Did we mention Purdue scored 54 on these guys last week?  MSU fails to score in the first quarter here today, gaining 84 yards of total offense, 76 of those by Bell on ten carries.  After One: EMU 0, MSU 0.

Bell gets to 100 yards on his 13th carry with a little over 12 minutes left in the second but the drive stalls so Conroy comes on to hit a 35y field goal with 10:06 left in the first half.  Points are on the board at long last and MSU leads EMU 3-0.

Uh, Michigan State, giving 33, is trailing Eastern Michigan at halftime here 7-3.  Picking up where they left off against Notre Dame when they were 1/8 in second half third-down conversions, MSU goes 1/8 on third down in the first half today.  Maxwell is 9/19 for 31 yards.  The only bright spot--and I mean the only bright spot, is Le'Veon Bell: 117y on 17 rushes.  An MSU fumble gave the Eagles the ball at the Spartan 23 and Eastern got a TD toss on the first snap after the turn.  HALFTIME: EASTERN MICHIGAN 7, MICHIGAN STATE 3.

Bell carries on each of the first 5 plays run by MSU in the second half, so he has more touches in the second half today (5) than he did in the entire second half last Saturday night (4).

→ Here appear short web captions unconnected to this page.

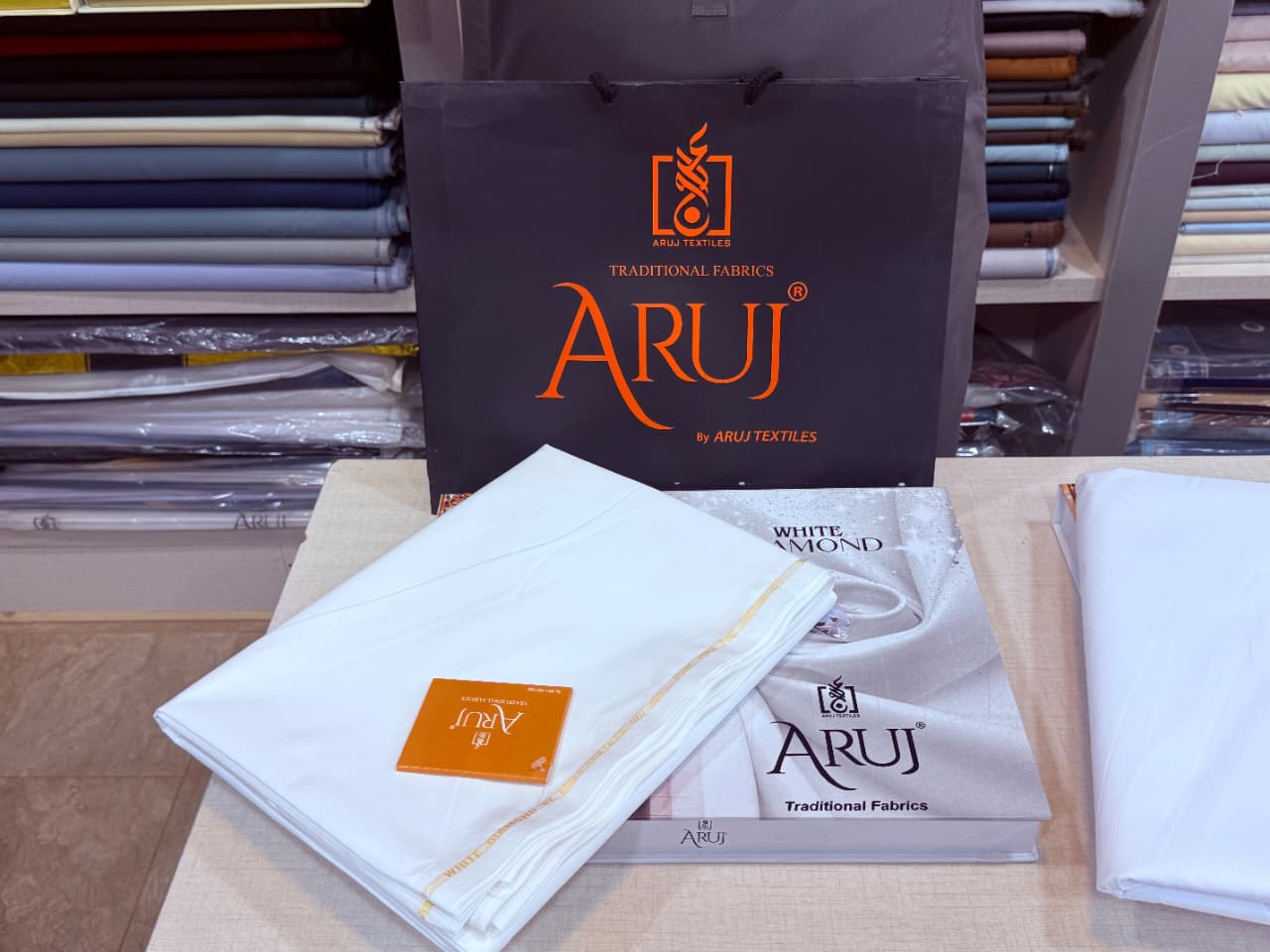 White Diamond Cotton BRILLENT WHITE ( Aruj )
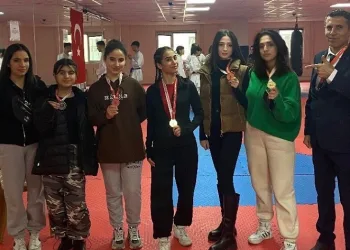 Çermikli karateciler ildeki müsabakalarda 3 birincilik aldı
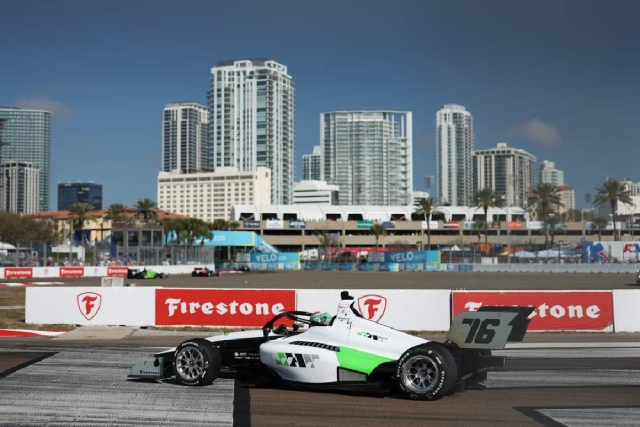 Ricardo Escotto logr&oacute; colocarse moment&aacute;neamente dentro de las diez primeras posiciones durante la carrera.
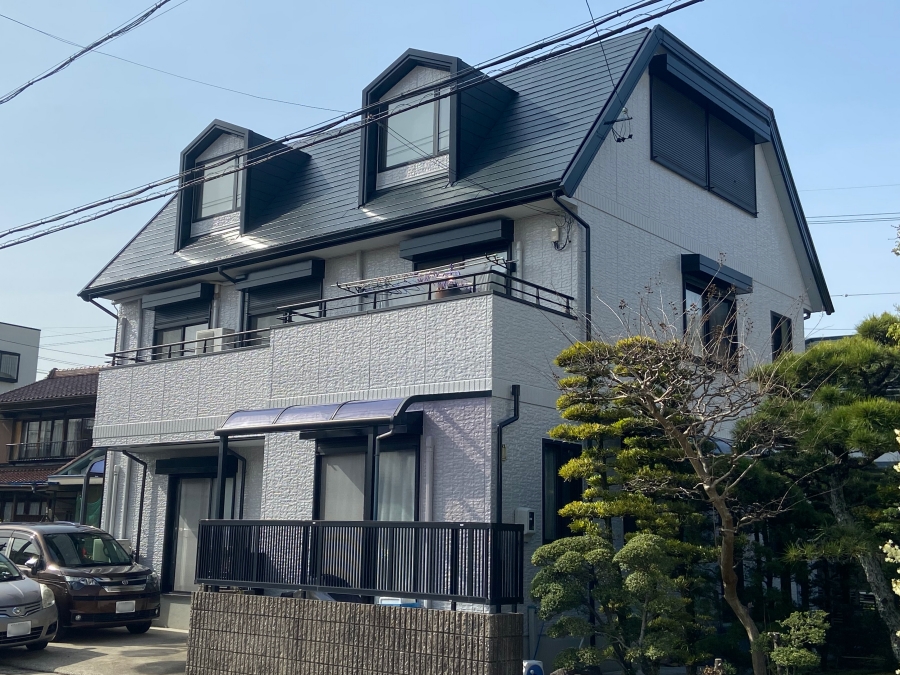 ダイワハウス住宅ドーマーのあるスレート屋根塗装と外壁塗装（タテイル２）　日進市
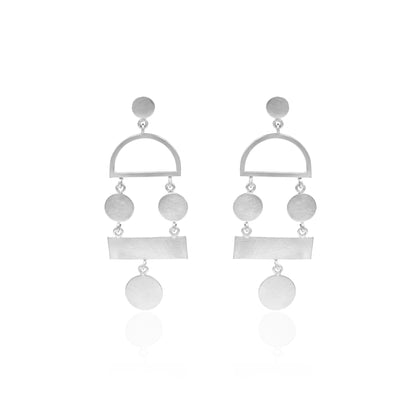 Eye Catching Beauty Stud Earrings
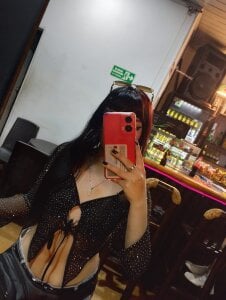 Zara17_ef Public Pic 4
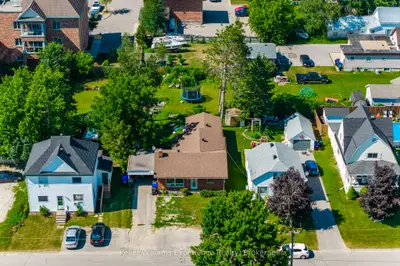 9 Wolfe Street, Penetanguishene, On L9m 1b9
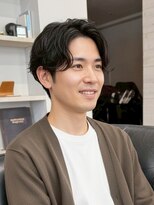 ミュージアム(MUSEUM)&nbsp;センターパートゆるめパーマスタイル　　センターパーマ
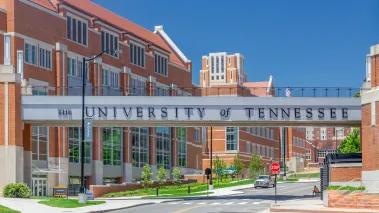 Entrance and walkway on the campus of University of Tennessee in Knoxville (Image via Shutterstock.com)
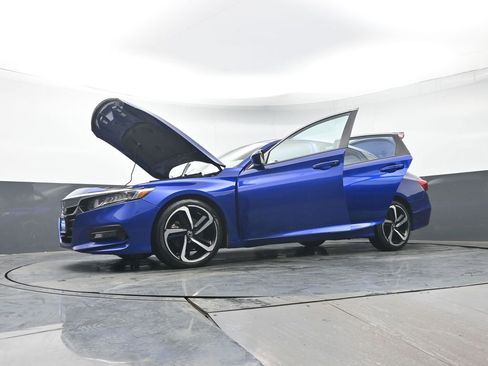 Used 2018 Honda Accord Sport image 42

Maxwell thrown underneath again on third down so MSU comes up short and Conroys hits a 45y FG with 9:25 left in 3rd.  MSU pulls to within one, trails 7-6.

Here's the good news.  I don't think EMU can move the ball on MSU.  The Eagles have 84y of offense and only 4 first downs.  So, if the Spartans donn't turn it over again, they should be able to come back and win this thing.

EMU turns it over at their 41 and MSU gains a grand total of 3y, punts.  Frustrating.

Maxwell finally hits a couple downfield--finding TE Dion Sims for 16 and then 17 on consecutive plays.  Holding (naturally) stalls the drive and Conroy's 3rd field goal of the day is a 35-yarder that gives MSU a 9-7 lead with 1:11 left in the third.

Touchdown, MSU.  Been a while.  Maxwell hits Sims (4 2nd-half catches) with a ten-yard scoring strike as MSU goes 89 in 12 to move ahead 16-7.  7:19 left, so it looks like they will get out of here with a win.  I have to leave for the post-game interviews in a couple of minutes which is a shame because I've been watching the A's-Yankees game out of the corner of my eye and what a show in the Bronx.  Oakland hit three homes and scored 4 in the top of the 13th for a 9-5 lead, NY has just scored 4 to tie in their half of the 13th.

Back from the interviews and I think Mark Dantonio was, well, upset.  We'd ask and he'd answer, "Yes, next question."  I'm pretty sure you'll see it in SportsCenter.  MSU scored late while we were down on the field and they win 23-7.  They will, most certainly, have to play better one week from today here to beat Ohio State.  The Tigers beat the Twins 8-0, Chicago is at LA at nine.  We'll be at Comerica tomorrow, we'll talk to you then.